4. Annular flow. Once the interfacial shear of the high velocity gas on the liquid film becomes dominant over gravity force, the liquid is expelled from the centre of the tube and flows as a thin film on the wall (forming an annular ring of liquid) while the gas flows as a continuous phase up the centre of the tube. The interface is disturbed by high frequency waves and ripples. In addition, liquid may be entrained in the gas core as small droplets, so much so that the fraction of liquid entrained may become similar to that in the film. This flow regime is particularly stable and is the desired flow pattern for two-phase pipe flows.
5. Wispy annular flow. When the flow rate is further increased, the entrained droplets may form transient coherent structures as clouds or wisps of liquid in the central vapour core.
6. Mist flow. At very high gas flow rates, the annular film is thinned by the shear of the gas core on the interface until it becomes unstable and is destroyed, such that all the liquid in entrained as droplets in the continuous gas phase, analogous to the inverse of the bubbly flow regime. Impinging liquid droplets intermittently wet the tube wall locally. The droplets in the mist are often too small to be seen without special lighting and/or magnification.

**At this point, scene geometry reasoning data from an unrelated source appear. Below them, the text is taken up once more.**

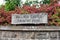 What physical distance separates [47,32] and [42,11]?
1.02 m

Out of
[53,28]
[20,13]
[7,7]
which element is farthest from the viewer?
[7,7]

From Figure 1.1, as the gas velocity decreases, the flow regime goes from mist to annular and further decrease leads to bubble flow. This shows that it is very difficult for a single flow regime to be present in during the lifetime of a gas well. Since the velocity is a determining factor of the flow regime, it implies that more than a single or one phase may be present at the same time along the production string. It is also worthy to note that the flow regime experience at the surface production facilities may not be the same close to the perforation zone as a result of the downhole conditions. In addition, flow regime above and beneath the production packer (s) may differ due to the cross-sectional area because flow velocity is directly proportional to the cross-sectional area.

In a gas well, if the velocity of the gas is high enough to lift the liquid associated with the gas, the effluent produced will contain both the gas and liquid at the surface. At a point in the production where the gas velocity in the production tubing drops with time, the flow regime begins to change and eventually leads to liquid accumulation at the bottom of the well as flow continues. Thus, the bottom-hole pressure increase while the production of gas decrease until the flow ceases which means that occurs when the velocity of the gas within the well-bore declines below the critical gas velocity.

When this phenomenon occurs, the gas can no longer lift the co-produced water to the surface facility making the water to fall back and with time accumulate downhole thereby exacting a back pressure on the formation leading to intermittent gas production and probably well-die-out (Figure 1.2). Several sources may be suspected as the possible source of liquid such as water from the aquifer, water coning, encroachment of water from a nearby zone, free water of the formation and hydrocarbon condensate leading to this liquid loading issue.